As you get older, you also lose a certain amount of bone, causing the bones to become thinner. The bones become fragile and more likely to break, particularly the bones of the spine, wrist, and hips.
Bone is a living tissue that is constantly repairing itself. It is made of a hard outer shell, which contains a mesh of collagen (tough elastic fibres), minerals, blood vessels and bone marrow. This mesh looks a bit like a honeycomb, with spaces between the different parts. Healthy bones are very dense, and the spaces within bones are small. In bone affected by osteoporosis, the spaces are larger, making the bones weaker and less elastic.

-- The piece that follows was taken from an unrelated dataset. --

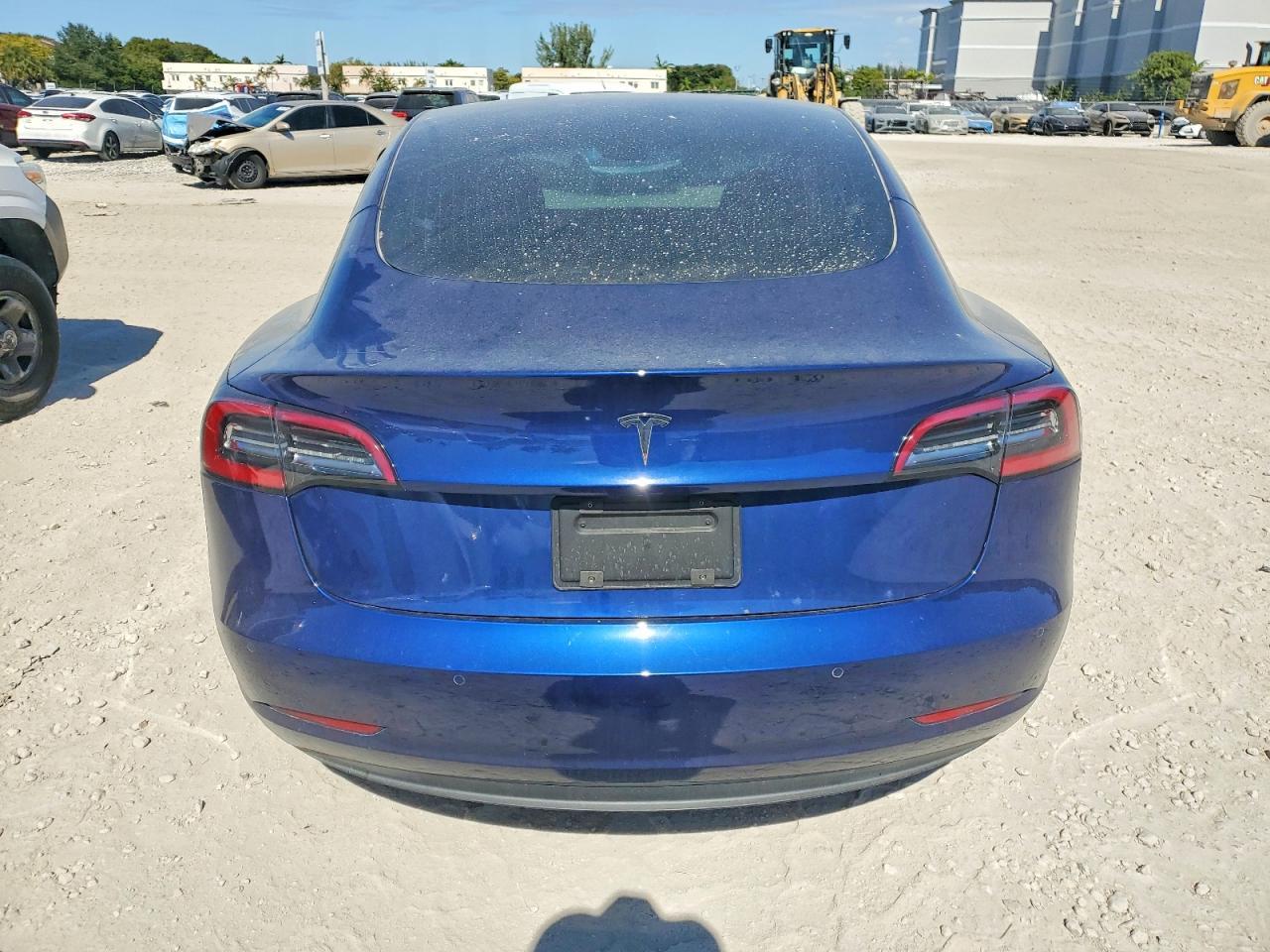 2020 Tesla Model 3 - Фото 6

Bones are repaired and reinforced by a range of proteins and minerals, which are absorbed from the bloodstream. This includes calcium, phosphorus, proteins and amino acids. The growth and sex hormones control the amount of mineral substance deposited in the bones. Changes in hormone levels can therefore affect the strength of the bones. For example, the female hormone oestrogen offers some protection against osteoporosis. After the menopause, oestrogen levels fall, often causing the bones to thin quickly. Osteoporosis is very common and can be severe.
Signs & Simptoms
Osteoporosis is a condition that develops slowly over several years. Symptoms are not obvious in the early stages and can take months or years to appear. Signs of osteoporosis include joint pain, difficulty in standing or sitting up straight, or fracturing a bone without much force or impact.

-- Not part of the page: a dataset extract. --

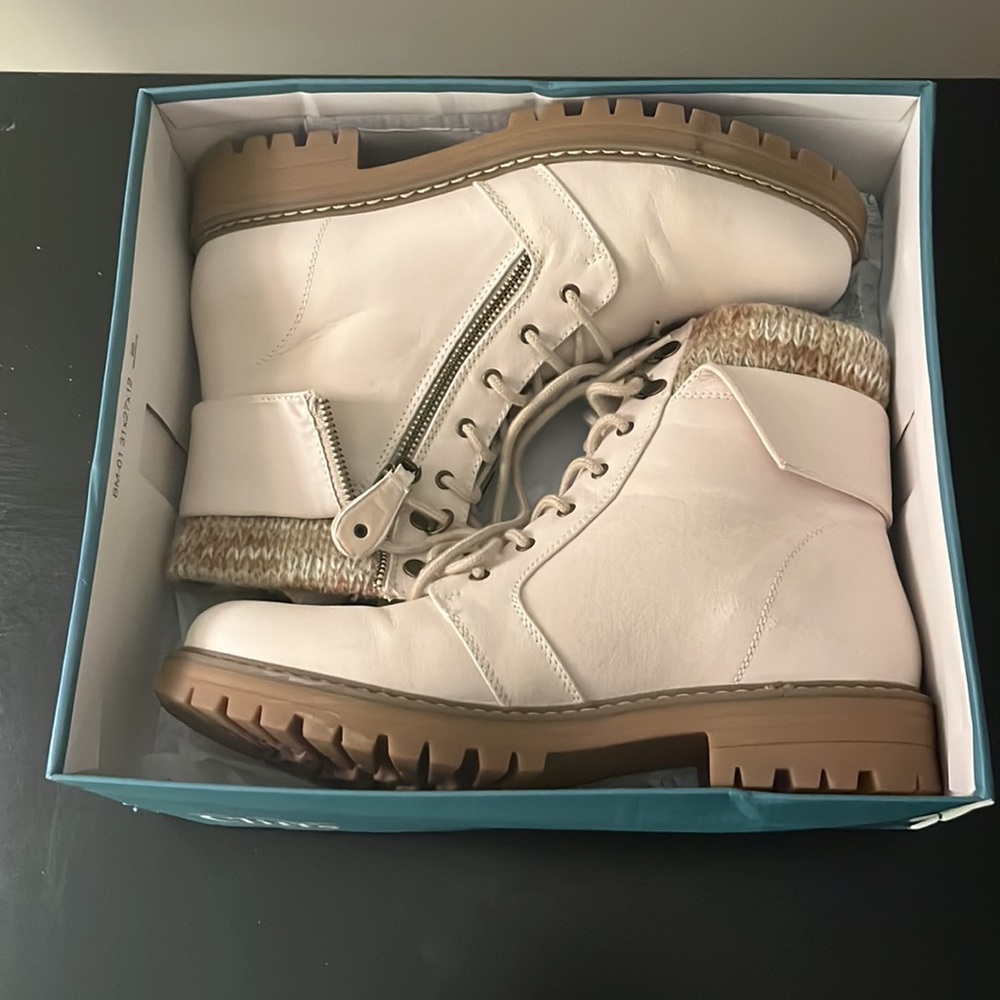 MANDY WINTER WHITE/FABRIC SIZE 10 WOMENS BOOTS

When the bones are significantly thinned (low in bone mass), breakages of the wrist, hip, or spinal bones (vertebra) are most common. A cough or a sneeze may cause the fracture of a rib, or the partial collapse of one of the bones of the spine.
A fractured bone in an older person can be serious, because the bone is no longer able to repair itself effectively. This can lead to arthritis, and even disability; some older people are unable to live independently following an injury.

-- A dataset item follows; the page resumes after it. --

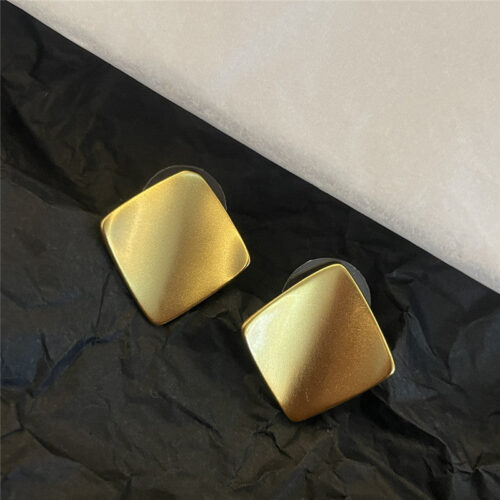 High Quality Luxury Fendi Fashion Simple Earrings alternate view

The characteristic stooping position that is common in older people is a visible sign of osteoporosis. It happens when the bones in the spine are fractured, making it difficult to support the weight of the body.
What is the cause of Osteoporosis?
The bones are thickest and strongest in early adult life. From around the age of 35 years, more bone cells are lost than are replaced. This causes the bone to become thinner and weaker. People who exercise when they were young, and who remain active into old age, are less likely to get osteoporosis because bones stay strong by being used.
There are a number of other factors that can increase your risk of osteoporosis:
Women are at greater risk of osteoporosis than men. This is due to the decrease in the hormone oestrogen after the menopause, which is essential for healthy bones. Women are at greater risk of developing osteoporosis when they have:
- An early menopause (before the age of 45);
- A hysterectomy before the age of 45, especially when the ovaries are also removed;
- Absent periods for a long time (more than 6 months) as a result of over-exercising or over-dieting.
The male hormone, testosterone, also helps to keep the bones healthy. Men continue to produce this hormone into old age, but the risk of osteoporosis is increased in individuals with low levels of testosterone.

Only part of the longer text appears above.